As Shane drove he searched for an isolated figure on the shoulder of the highway, wearing a tall purple backpack.

He couldn't conceive of what Janelle had told him. Caleb would be crazy to run here with a baby. The heat and exhaust from the blacktop would choke them. A sudden swerve from one of these SUVs would run them down. Was he crazy? This seemed to be the major question of his past ten years.

According to his GPS, the diner June was waiting in should be a straight line from his current position, maybe two more hours. But in the real world, this ridiculous highway curved and swung, west, then north, madness. All the while the Sierras rose on the horizon, gray and otherworldly.

Discomfort and anxiety pressed upon him. His phone could ring at any second. Janelle, police, hospitals might be on the other end, with news he could not bear. All his life he had known only self-confidence, like his father, like his brother. Try as he might, he no longer felt confident of anything at all.

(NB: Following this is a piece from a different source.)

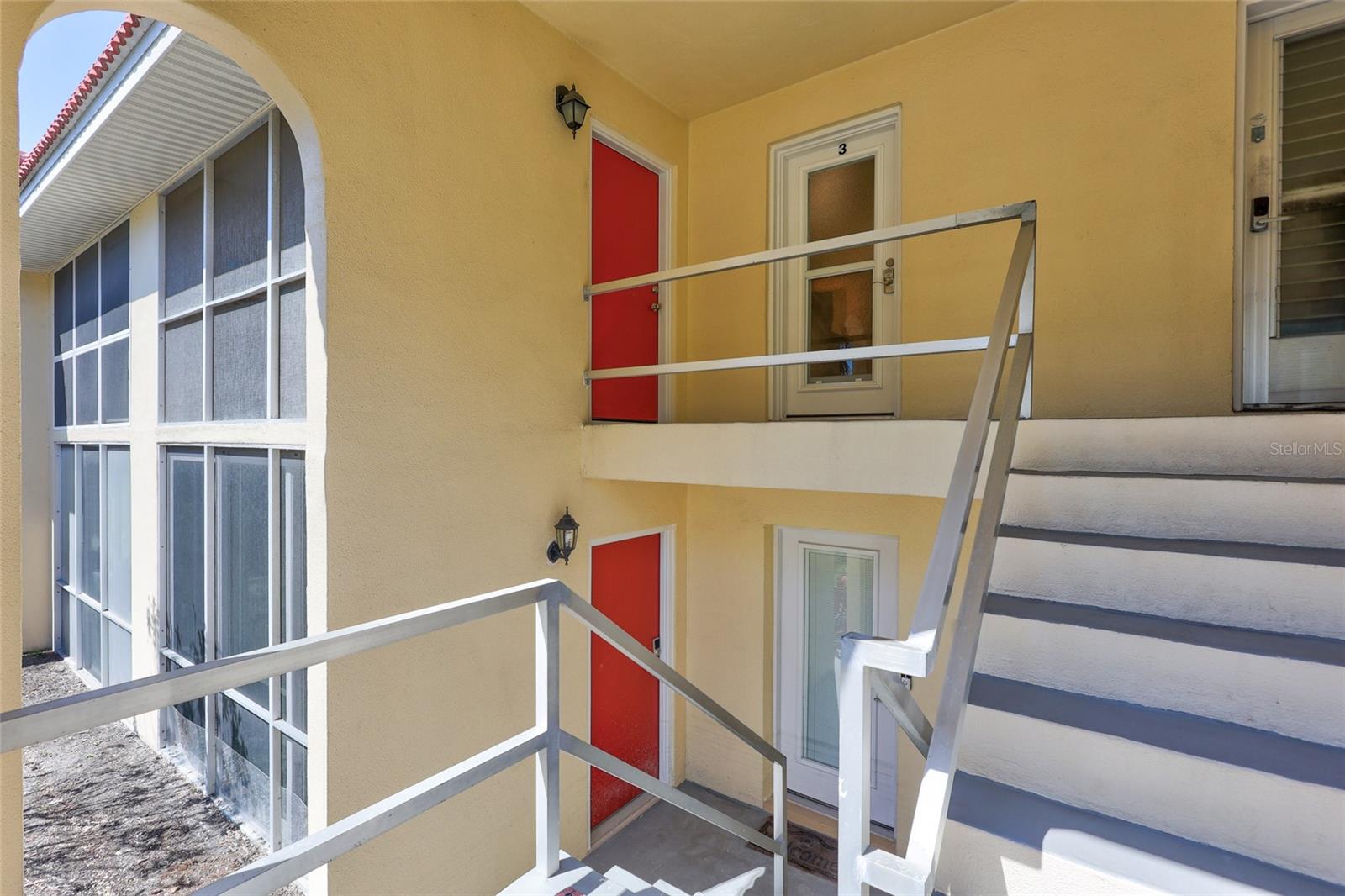 137 AVENIDA MESSINA 3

Just after seven in the evening he pulled onto the gravel by a truck stop diner just northeast of Oakdale. Shane saw her right away, sitting in a front booth. She wore a filthy tank top, and black running shorts. Her face was skin stretched over bone, her hair knotted and wild. Dust streaked her cheeks. He remembered her large eyes, so blue they were nearly white.

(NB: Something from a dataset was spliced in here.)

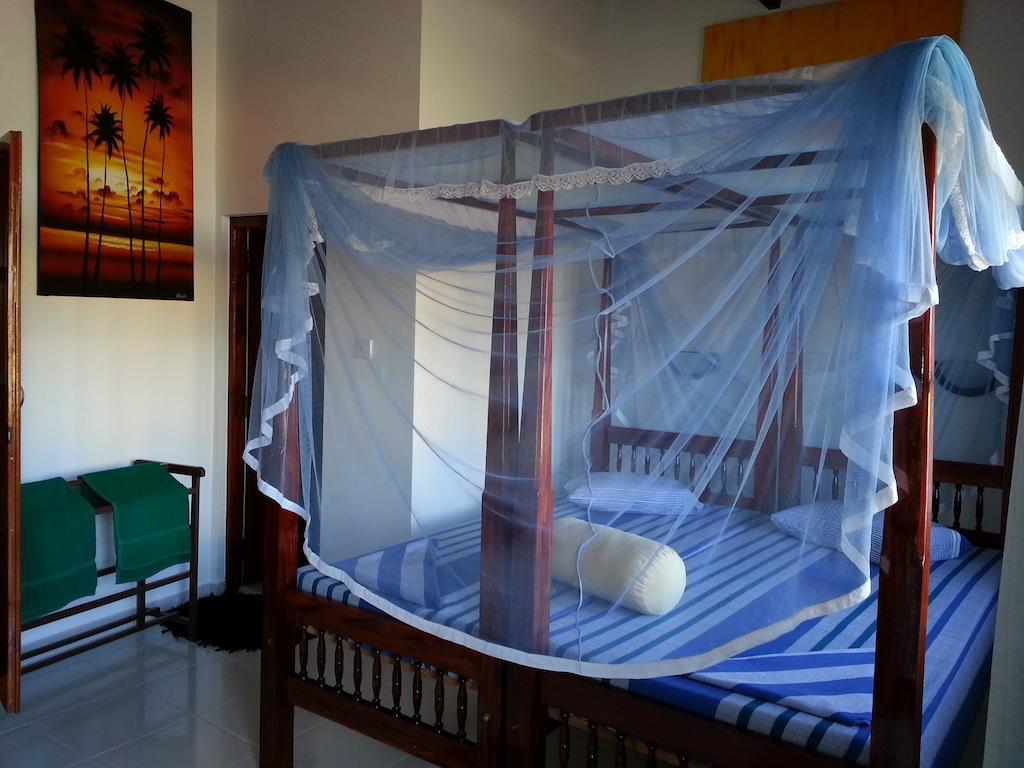 Main Reef Guest House Хикадува Стая снимка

“Hi,” he smiled, sliding into the booth opposite her.

A dirty plate and an empty plastic water glass sat in front of her. He could smell her from across the table.

“I had to eat,” she explained softly, embarrassed, “but I don't have money.”

“Don't worry, I got it. Do you want anything else?”

“Can we just go?”

“Sure.”

He ordered a large takeaway coffee. It came in a styrofoam cup, as in the pre-Starbucks days. Ahead the sky was dark and limitless; he felt as if he had traveled light years. When June got into the car, he offered her mints from his glove compartment and lowered the windows.

“So, how did you get separated?” he asked, starting the engine.

June shook her head. “I just couldn't run anymore.”

“He didn't wait for you?”

“He probably did, for a while. But he must have had to move. Once you start shutting down, you can't stop it. He knows his body. He probably just started toward the next town.”

“You don't think he hitched a ride?”

“Caleb?” she smiled. “He's not asking anybody for a ride.”

Shane found his phone and dialed 911. As it rang he realized he had never called it before; he wasn't sure what to expect.

“What's your emergency?” a deep-voiced Latina woman asked.

“My brother is lost.”

“How old is the child, sir?”

“No, he's not a child. He's forty-three.”

“Sir?”

“He has,” Shane explained, “a baby with him.”

June grabbed his hand, shaking her head wildly.

“No,” she said frantically, her breath raw, “you can't call them.”

He pulled his arm away, narrowing his eyes.

“How long has your brother been missing?”

This, Shane felt, was a good question.

“Around six hours.”

“You'll need to contact your local police when it's been twenty-four hours.”

“Hold on, I'm sorry.” He kept his eyes on June, she kept shaking her head no. “Okay, I'll do that. Thank you, Officer.”

Hanging up, he looked quizzically at her.

“We have to avoid the police,” she told him, loud and exasperated.

“Why,” he asked, stunned, “would we do that? They'll help us find them. They have cars, radios.”

June explained what she had heard at the store, what Mack had told the rangers, what Caleb had explained would happen to Lily should the police take them in. Shane looked at her. It did not seem like a preposterous fear.

They would see Caleb after thirty-six hours of running, and Lily, pale and undersized and wheezing. They would find out that they were not father and daughter. They would listen to Caleb explain that he was running to San Francisco. And they would call in Child and Family Services without a second thought.

“Okay, so you think he's in the next rest area?”

“Well, either that or he kept going.”